Some milestones existing today have been in place for centuries, yet still convey accurate information (Stockholm hasn’t moved). They tend to be stable. Project milestones are similar.

Monday, June 29, 2009

PM Practice: The Right Way to Track Actuals

Most project managers I know track actuals at a task (e.g., 25% complete) or duration (e.g., 4 days spent, 3 days left) level. Effort (or work) is generally left to be managed by their scheduling tool. The method you choose for tracking actuals affects the ability of your schedule to predict final time, cost, or scope. The problems come when PMs use task-level tracking (low predictive power) in order to manage a project where high predictive power is required (i.e., project milestones are 'set in stone').

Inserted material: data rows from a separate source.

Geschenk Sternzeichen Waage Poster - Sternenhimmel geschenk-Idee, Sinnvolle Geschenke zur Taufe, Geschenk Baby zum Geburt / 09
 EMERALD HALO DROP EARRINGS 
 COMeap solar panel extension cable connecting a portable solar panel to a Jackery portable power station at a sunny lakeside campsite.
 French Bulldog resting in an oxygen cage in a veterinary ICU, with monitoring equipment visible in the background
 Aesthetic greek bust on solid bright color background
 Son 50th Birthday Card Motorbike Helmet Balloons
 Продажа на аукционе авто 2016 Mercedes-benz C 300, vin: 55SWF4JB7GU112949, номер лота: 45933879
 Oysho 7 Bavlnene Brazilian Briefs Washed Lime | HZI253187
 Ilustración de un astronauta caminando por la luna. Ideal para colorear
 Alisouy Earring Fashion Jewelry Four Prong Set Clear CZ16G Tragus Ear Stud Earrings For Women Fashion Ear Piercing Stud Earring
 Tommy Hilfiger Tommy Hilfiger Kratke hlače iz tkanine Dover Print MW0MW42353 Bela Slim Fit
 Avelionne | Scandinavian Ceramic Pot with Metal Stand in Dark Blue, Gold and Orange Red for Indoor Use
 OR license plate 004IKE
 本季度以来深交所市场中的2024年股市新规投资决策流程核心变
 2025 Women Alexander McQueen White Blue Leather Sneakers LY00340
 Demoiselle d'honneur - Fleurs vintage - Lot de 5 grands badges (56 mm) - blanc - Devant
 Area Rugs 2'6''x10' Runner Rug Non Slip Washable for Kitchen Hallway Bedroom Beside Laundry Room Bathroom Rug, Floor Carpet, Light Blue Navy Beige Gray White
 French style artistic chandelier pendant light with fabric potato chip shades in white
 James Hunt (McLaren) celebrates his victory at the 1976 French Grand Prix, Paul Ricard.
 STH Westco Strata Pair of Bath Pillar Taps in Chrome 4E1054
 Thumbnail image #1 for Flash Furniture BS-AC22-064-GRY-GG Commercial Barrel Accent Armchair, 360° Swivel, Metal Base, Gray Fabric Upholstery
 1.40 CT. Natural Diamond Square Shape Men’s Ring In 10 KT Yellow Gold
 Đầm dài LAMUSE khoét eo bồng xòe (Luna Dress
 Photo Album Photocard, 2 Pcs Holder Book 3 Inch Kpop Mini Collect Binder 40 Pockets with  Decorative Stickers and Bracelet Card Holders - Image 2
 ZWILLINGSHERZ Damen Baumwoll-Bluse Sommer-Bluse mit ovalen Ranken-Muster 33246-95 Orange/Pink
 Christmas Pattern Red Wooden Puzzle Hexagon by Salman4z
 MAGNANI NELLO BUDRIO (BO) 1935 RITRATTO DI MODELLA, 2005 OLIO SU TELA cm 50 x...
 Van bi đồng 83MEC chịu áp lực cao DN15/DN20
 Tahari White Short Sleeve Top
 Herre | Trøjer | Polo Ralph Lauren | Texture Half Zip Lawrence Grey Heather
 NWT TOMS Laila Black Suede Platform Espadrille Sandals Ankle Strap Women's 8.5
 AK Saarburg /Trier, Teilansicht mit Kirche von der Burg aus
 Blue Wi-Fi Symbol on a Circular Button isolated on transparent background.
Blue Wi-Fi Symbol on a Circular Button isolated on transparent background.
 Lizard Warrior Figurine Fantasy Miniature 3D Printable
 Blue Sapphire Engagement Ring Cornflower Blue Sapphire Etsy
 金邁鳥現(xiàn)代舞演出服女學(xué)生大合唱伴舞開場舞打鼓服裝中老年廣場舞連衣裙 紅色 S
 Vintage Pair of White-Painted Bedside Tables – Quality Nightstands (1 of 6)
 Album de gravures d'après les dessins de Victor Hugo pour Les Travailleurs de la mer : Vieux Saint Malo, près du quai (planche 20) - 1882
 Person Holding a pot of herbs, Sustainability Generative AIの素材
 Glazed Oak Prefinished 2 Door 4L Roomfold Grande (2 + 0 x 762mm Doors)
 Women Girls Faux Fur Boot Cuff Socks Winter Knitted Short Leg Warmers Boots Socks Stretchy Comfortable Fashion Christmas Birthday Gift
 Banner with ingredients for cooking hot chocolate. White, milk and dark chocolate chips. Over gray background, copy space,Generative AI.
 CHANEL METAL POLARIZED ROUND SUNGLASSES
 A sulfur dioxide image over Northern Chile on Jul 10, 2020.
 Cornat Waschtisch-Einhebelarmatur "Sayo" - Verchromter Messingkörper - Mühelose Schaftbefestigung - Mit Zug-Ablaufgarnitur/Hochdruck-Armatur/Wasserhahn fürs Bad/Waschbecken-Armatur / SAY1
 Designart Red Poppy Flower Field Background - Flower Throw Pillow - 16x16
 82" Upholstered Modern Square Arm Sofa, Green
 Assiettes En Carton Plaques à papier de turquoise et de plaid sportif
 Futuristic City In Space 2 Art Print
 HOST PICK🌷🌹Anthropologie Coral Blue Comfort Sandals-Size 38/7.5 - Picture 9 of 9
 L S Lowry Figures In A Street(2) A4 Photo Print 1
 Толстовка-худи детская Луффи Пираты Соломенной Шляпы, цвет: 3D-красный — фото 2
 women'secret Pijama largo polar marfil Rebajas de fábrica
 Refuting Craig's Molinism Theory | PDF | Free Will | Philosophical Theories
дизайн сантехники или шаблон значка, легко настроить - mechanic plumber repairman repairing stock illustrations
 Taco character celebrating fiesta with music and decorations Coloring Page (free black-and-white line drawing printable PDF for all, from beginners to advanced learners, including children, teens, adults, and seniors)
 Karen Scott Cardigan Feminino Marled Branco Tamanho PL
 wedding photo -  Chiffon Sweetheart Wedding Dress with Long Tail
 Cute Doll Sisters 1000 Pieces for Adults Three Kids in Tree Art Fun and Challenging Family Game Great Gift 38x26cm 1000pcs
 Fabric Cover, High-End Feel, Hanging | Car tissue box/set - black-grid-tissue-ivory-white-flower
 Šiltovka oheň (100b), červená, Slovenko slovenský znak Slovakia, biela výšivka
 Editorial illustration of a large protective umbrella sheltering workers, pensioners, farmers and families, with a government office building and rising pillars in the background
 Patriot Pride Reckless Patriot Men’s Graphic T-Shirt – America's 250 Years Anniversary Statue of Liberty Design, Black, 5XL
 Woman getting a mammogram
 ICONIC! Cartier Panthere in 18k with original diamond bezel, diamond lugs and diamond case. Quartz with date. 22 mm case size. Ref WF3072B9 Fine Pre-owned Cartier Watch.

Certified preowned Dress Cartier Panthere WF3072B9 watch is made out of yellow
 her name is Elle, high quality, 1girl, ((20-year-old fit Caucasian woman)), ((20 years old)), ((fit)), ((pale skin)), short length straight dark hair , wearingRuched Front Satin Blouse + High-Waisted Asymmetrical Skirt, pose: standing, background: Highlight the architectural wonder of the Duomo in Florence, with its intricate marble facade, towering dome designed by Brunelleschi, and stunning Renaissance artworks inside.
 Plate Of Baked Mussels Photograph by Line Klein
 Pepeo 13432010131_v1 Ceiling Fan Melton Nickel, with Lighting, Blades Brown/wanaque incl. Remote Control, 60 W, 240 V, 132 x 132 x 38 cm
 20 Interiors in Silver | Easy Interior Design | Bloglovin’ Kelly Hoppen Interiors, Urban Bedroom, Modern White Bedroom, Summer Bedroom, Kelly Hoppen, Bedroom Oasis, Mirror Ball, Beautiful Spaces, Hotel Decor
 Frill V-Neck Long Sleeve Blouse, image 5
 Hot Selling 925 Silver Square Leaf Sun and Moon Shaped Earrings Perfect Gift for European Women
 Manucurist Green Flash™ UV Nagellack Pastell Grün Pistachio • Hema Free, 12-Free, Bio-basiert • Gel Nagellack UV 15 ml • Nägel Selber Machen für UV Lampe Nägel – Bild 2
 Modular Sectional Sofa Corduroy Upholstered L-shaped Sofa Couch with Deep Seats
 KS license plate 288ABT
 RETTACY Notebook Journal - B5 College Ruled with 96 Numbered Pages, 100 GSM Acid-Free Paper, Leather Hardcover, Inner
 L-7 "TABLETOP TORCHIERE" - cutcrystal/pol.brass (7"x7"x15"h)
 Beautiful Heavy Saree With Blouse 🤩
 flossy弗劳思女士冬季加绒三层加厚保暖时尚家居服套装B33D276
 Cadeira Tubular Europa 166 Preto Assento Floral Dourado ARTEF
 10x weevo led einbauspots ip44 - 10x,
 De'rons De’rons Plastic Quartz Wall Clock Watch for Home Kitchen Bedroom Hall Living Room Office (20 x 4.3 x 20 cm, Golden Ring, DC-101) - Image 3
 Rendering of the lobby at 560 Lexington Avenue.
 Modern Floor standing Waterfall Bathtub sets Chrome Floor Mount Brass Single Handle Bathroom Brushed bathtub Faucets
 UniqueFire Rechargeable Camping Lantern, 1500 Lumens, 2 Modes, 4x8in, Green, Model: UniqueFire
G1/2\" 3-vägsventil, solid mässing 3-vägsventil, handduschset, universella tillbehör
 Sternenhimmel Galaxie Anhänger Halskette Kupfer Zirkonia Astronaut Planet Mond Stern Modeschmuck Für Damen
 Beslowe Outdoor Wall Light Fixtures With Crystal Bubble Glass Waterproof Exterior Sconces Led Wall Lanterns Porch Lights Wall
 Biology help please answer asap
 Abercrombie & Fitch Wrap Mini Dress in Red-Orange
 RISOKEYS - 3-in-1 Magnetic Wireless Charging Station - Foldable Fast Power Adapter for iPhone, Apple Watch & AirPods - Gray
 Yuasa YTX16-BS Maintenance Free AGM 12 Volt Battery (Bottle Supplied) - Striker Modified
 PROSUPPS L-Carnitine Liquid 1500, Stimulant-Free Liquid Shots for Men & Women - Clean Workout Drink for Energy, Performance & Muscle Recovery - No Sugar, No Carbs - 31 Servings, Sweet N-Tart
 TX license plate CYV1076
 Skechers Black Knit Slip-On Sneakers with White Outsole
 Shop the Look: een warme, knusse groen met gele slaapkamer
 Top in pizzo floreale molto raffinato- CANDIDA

Effort is the real currency of most all projects. It measures, in hours, the heads-down work performed by individual members of the project team. It is a key determinant for the duration and cost of most tasks. Project managers that track actuals at an effort level are able to sort out what is causing delays or cost overruns because their project data is more granular. When I track actuals in my projects, I can make smaller, more targeted, corrections in concert with my project team. My projects still slip (after all, we only manage risk, we don't control it), but they do so less often, and usually less dramatically (and therefore more correctable).
Tracking actuals at the effort level is just as easy as other methods. I follow these steps:

  1. Each week, my team reports ATD (actuals-to-date), in work hours, for any task that was ongoing at some point during the week. I build my schedules such that each team member will typically work on 1 to 3 tasks per week.
  2. For each of these tasks, my team also provides and ETC (estimate-to-complete). Obviously tasks that they completed will have an ETC of 0 hours. Steps 1 and 2 take each team member about 5 minutes a week.
  3. I set up a tracking view in my scheduling tool (whatever my client needs me to use) that allows me to apply ATD and ETC to individual tasks every week. There are tons of tools that will automate this process, but even if I do it manually, we are talking 10-15 minutes every Monday morning for a team of 30 people.
  4. I save my project plan, updated with last week's actuals, and begin my weekly upkeep (a tidy schedule is a defensible schedule I always say!).

I have taught several hundred project managers the nuts and bolts of this process over the years and those still in the job today couldn't imagine not tracking their actuals another way. Anyone can learn how to do this and the impact on project manager performance is a blast to watch. New project managers gain confidence because they develop a better understanding of their projects. Experienced, capable PMs get a real boost from this method because it helps them validate their intuition about adjustments they may need to make.

Agile adjustment: This practice works with Agile, though you may choose to shorten the interval from a weekly timesheet to a daily verbal report of ATD and ETC. Properly measured, tracking effort can help Agile teams compensate for deficiencies in the organizational implementation of the development method ... but that discussion is for another time.